Ouch, Blood, Gore, etc.


Students will show an ability to create cuts, scrapes, burns, and/or gore effects by creating a step by step design and applying it to themselves or a partner.



Enough makeup for each student

  • Copies of Makeup Design Sheet for each student (see Lesson 1 Supplements)
  • Facial cleanser and towels for each student
  • Makeup Morgue
  • Enough brushes and sponges for each student
  • Makeup room key
  • Mirror or a volunteer for demonstration
  • Enough latex, putty, wax, and/or gelatin for each student



Collect the old age design sheet as roll is being taken and pass out a new design sheet for today’s assignment.  Show the students the new (bruise, scar, open wound, black eye, or something of the sort) that I got last period.  After they understand that it is fake, invite them into your torture chamber (the makeup room) where they will be receiving like treatment.  Remind them to bring their materials with them.

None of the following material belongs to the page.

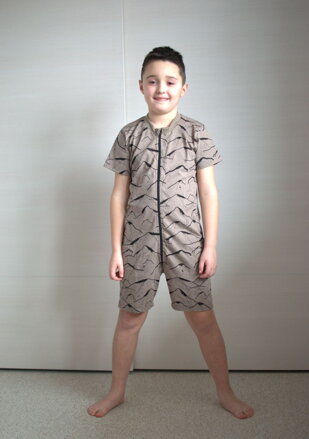 Overal krátky Horal 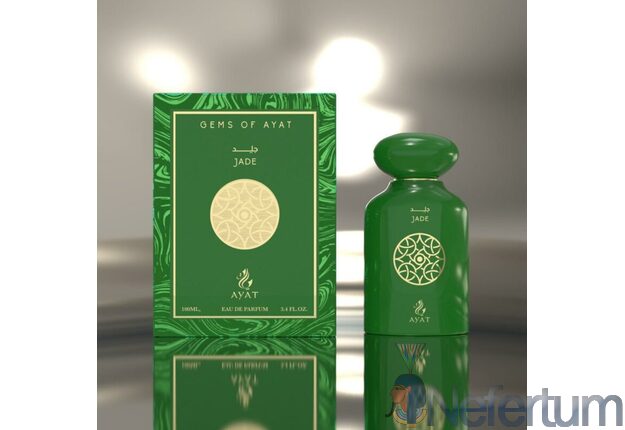 Ayat - Gems Of Ayat - JADE, 2ml mėginukas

Instruction/Directions/Modeling/Checking/Guided Practice

o   Black Eyes

  • Not just black circles
  • Usually consist of 3 or more colors
  • NO Hard lines!  The edges should fade to normal
  • Stippling
  • Highlights and shadows can emphasize puffiness
  • Why are black eyes so complicated?

o   Bruises

  • Similar to black eye

o   Burns

  • Lesser degree burns can be applied with just makeup, but severe burns require latex or even prosthetics.
  • Scumble texture of multiple colors not just one flat color usually

o   Cuts

  • Small cuts can be applied with just makeup, but most require latex, putty, wax, or other fun substances.
  • Latex can be applied in layers to deepen cuts to desired effect.
  • Color choices depend on type of cut.

o   Scars and Scabs

  • These can be applied with just makeup, putty, latex, prosthetics, or other substances depending on the severity and the designer’s choice.

o   Open Wounds

  • These can incorporate all of the above, but almost always include the addition of stage blood.
  • Blood should be used conservatively and in a manner befitting the wound.
  • The amount of time between the infliction of the wound and the moment it is seen on stage influences the appearance of the wound and how much stage blood should be used.



Review the different things that the students need to know about a character before designing an appropriate injury.  Also review some of the steps and techniques they need to know for application.  Have the students explain how to apply an injury they did to their partner.  Then have all the students clean themselves up.  Be sure to clean up well before the next class as the students should definitely not be seen with injury makeup in the hall or going to their next class looking like a victim of an accident.  Discuss with them the importance that they be responsible and try to avoid scaring other students or faculty.

Before dismissing the class, introduce the final design assignment.  Students will be responsible to find a fantasy character from a narrative and create their own unique design for that character.  The first draft of this project is due (date of lesson 7).



Participation proficiency is 8/10 points.